=== THE PROBLEM ===
With the pictures left out, transcribe exactly the lines from the one with "Visit us and" through the end of the data.

[Short web captions]
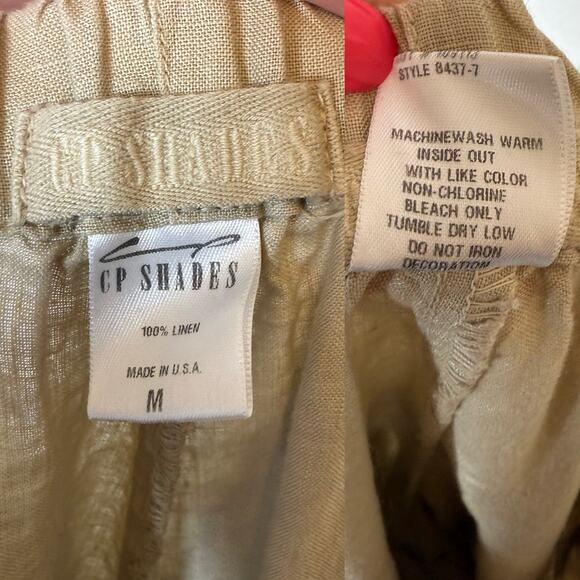 CP Shades 100% Linen Beige Pull On Pants Lagenlook size Medium - Picture 4 of 4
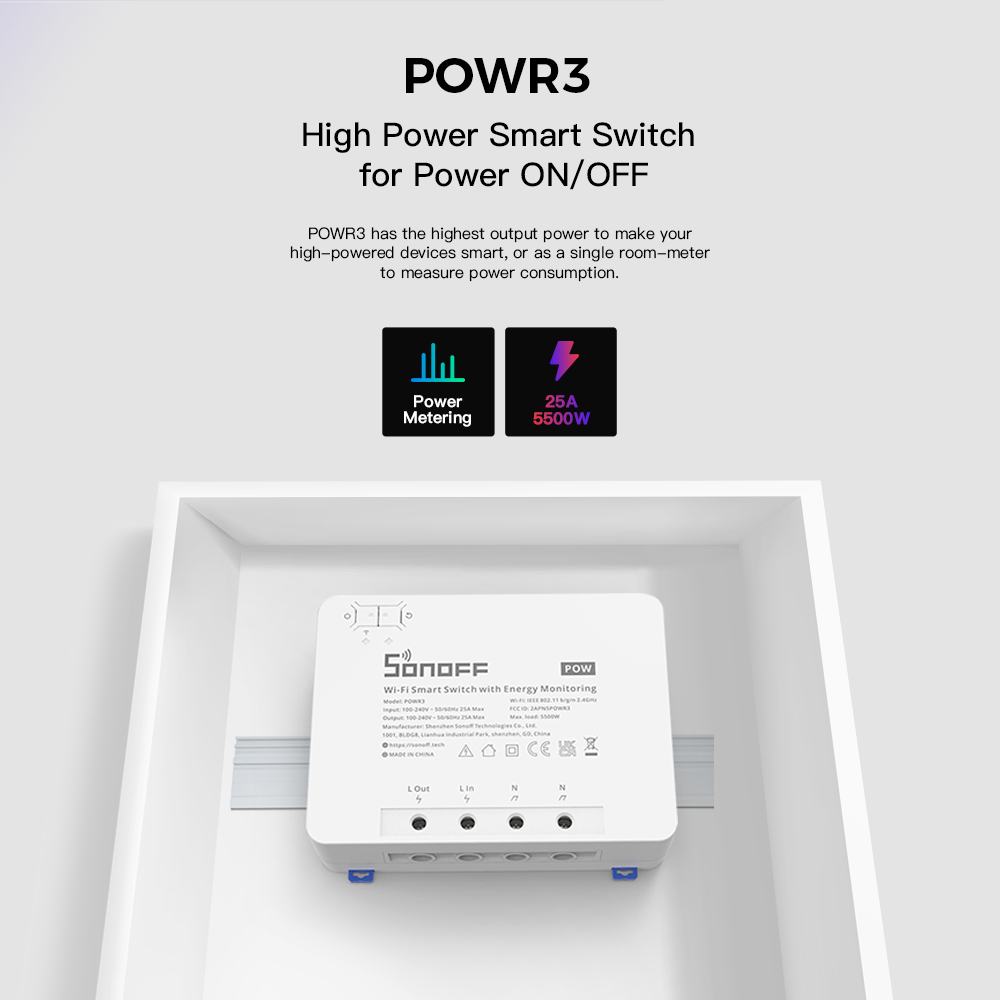 SONOFF POWR3 25A WiFi Smart Sw - Smart Energy Monitor reseña y precio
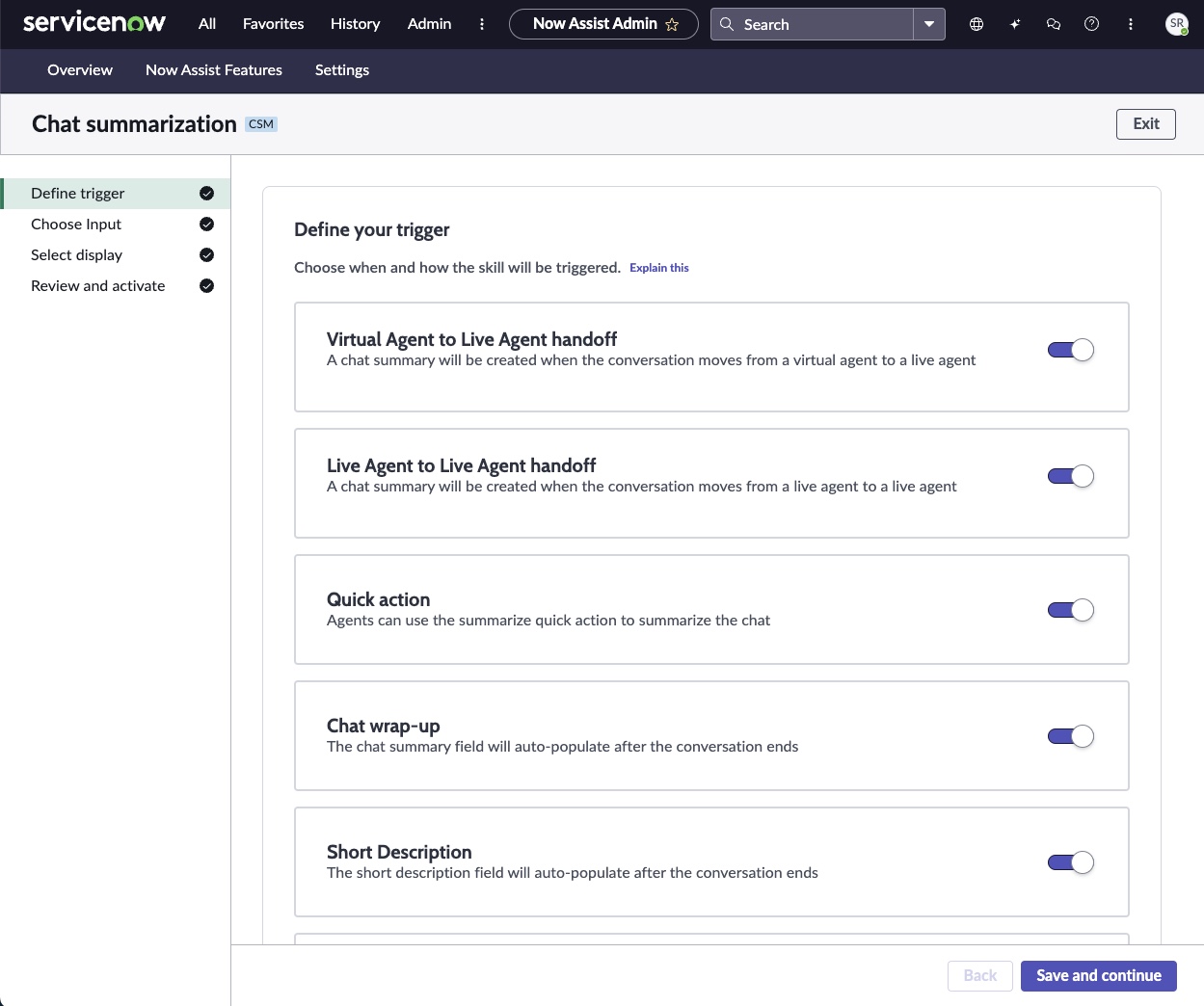 Example Define triggers screen for the chat skill.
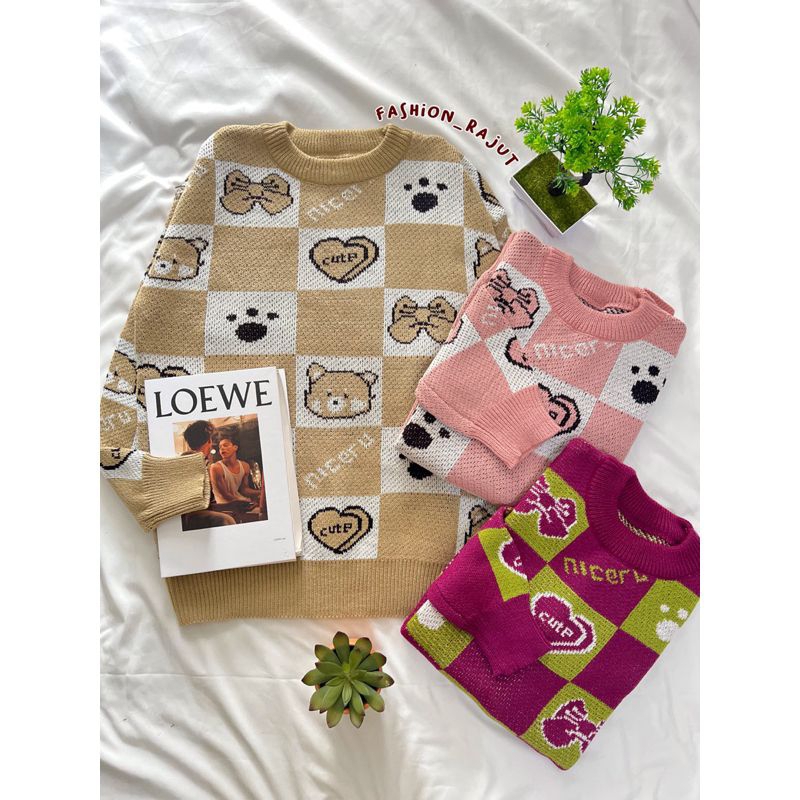 DIANA OVERSIZE SWEATER RAJUT MOTIF BEAR LOVE PREMIUM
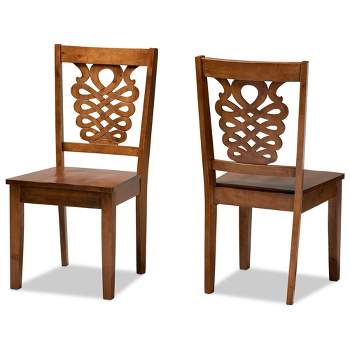 2pc GervaisWood Dining Chair Set Brown - Baxton Studio: Walnut Finish, Geometric Backrest, Upholstered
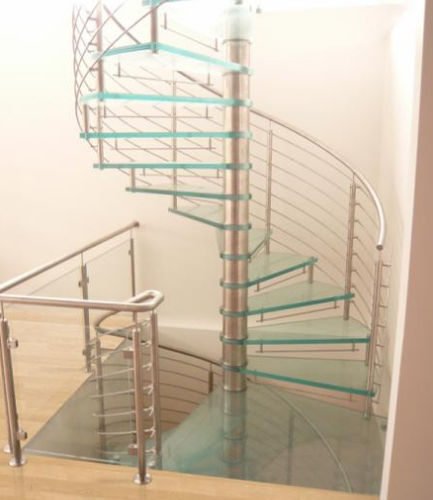 Escalier en colimaçon - EDI34 - La Maestria - à marches en verre / structure en acier inoxydable / contemporain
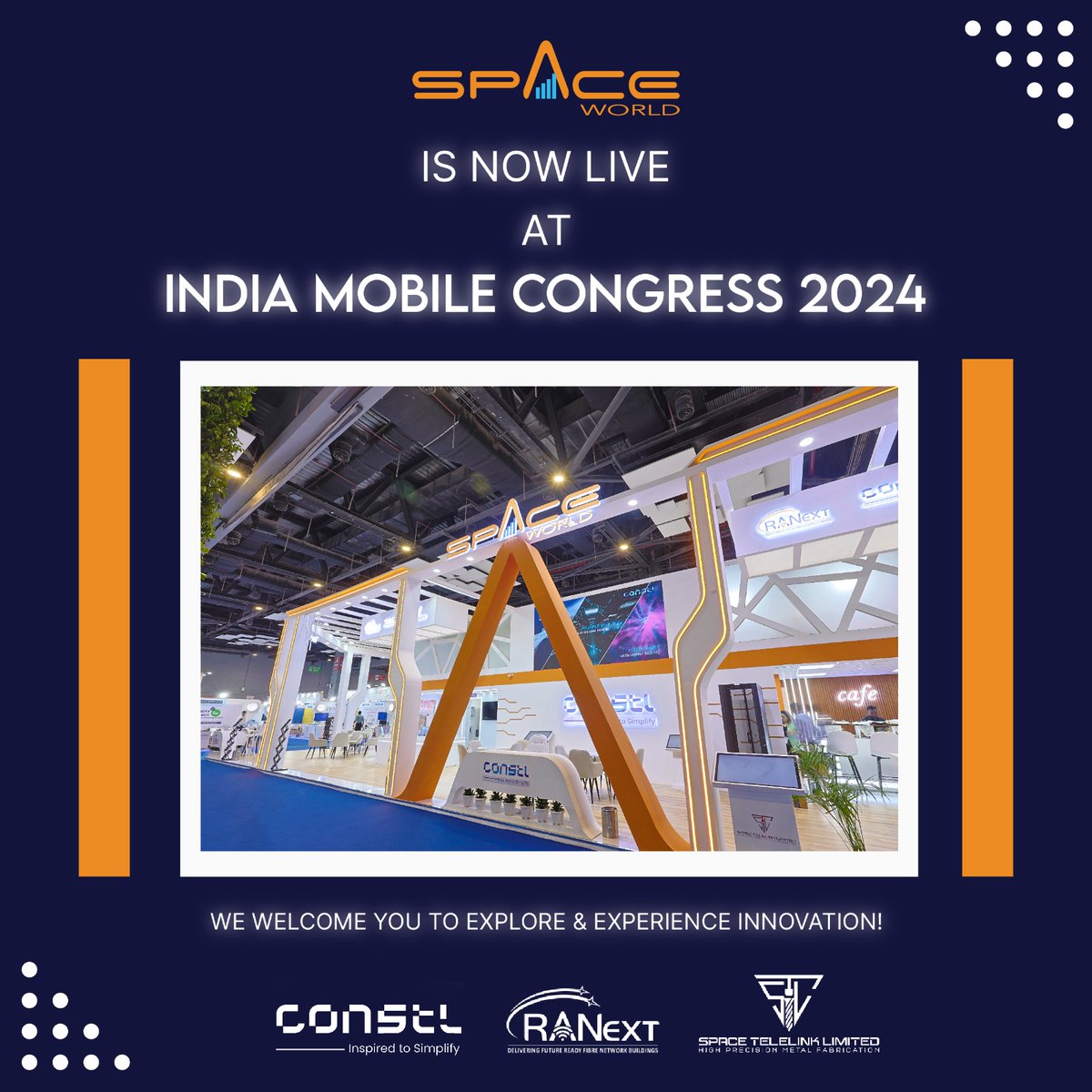 SpaceWorldGroup's tweet photo. We’re LIVE at India Mobile Congress 2024!

Join us for an unparalleled tech experience—let’s innovate and inspire together at @exploreIMC !

Visit us and connect with our experts -

📅 October 15-18, 2024
📍Bharat Mandapam, Booth [Booth Number]

#IMC2024 #IndiaMobileCongress2024 https://t.co/W0jI44aqYh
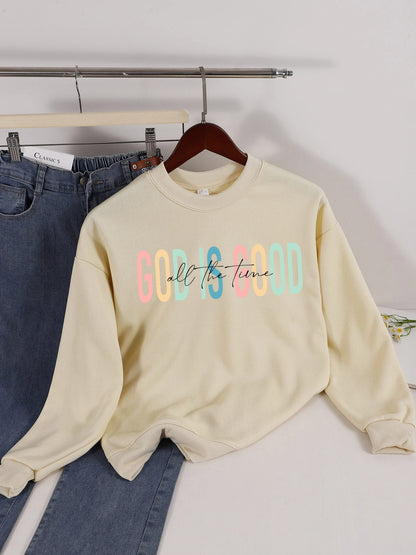 God Is Good Letter Design Womens Sweatshirt Trendy Crewneck Streetwear Loose Comfortable Pullovers Fleece Autumn Clothing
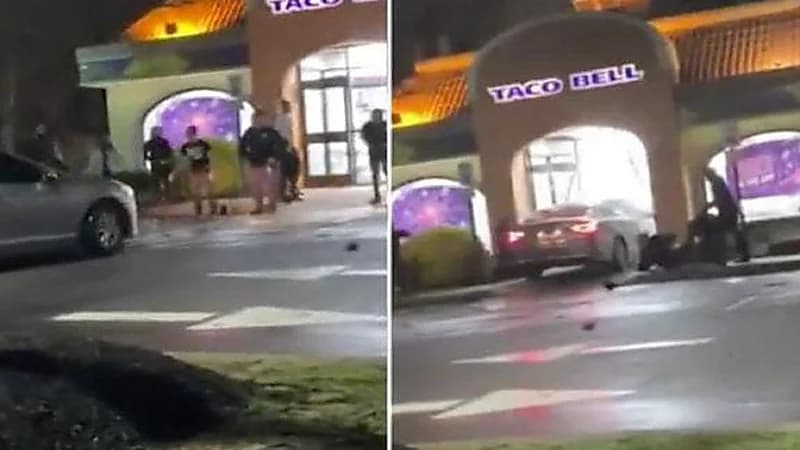 شاهد.. لحظة اقتحام امرأة لواجهة مطعم بسيارتها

=== ANSWER SECTION ===
Visit us and connect with our experts -

📅 October 15-18, 2024
📍Bharat Mandapam, Booth [Booth Number]

#IMC2024 #IndiaMobileCongress2024 https://t.co/W0jI44aqYh
 God Is Good Letter Design Womens Sweatshirt Trendy Crewneck Streetwear Loose Comfortable Pullovers Fleece Autumn Clothing
 شاهد.. لحظة اقتحام امرأة لواجهة مطعم بسيارتها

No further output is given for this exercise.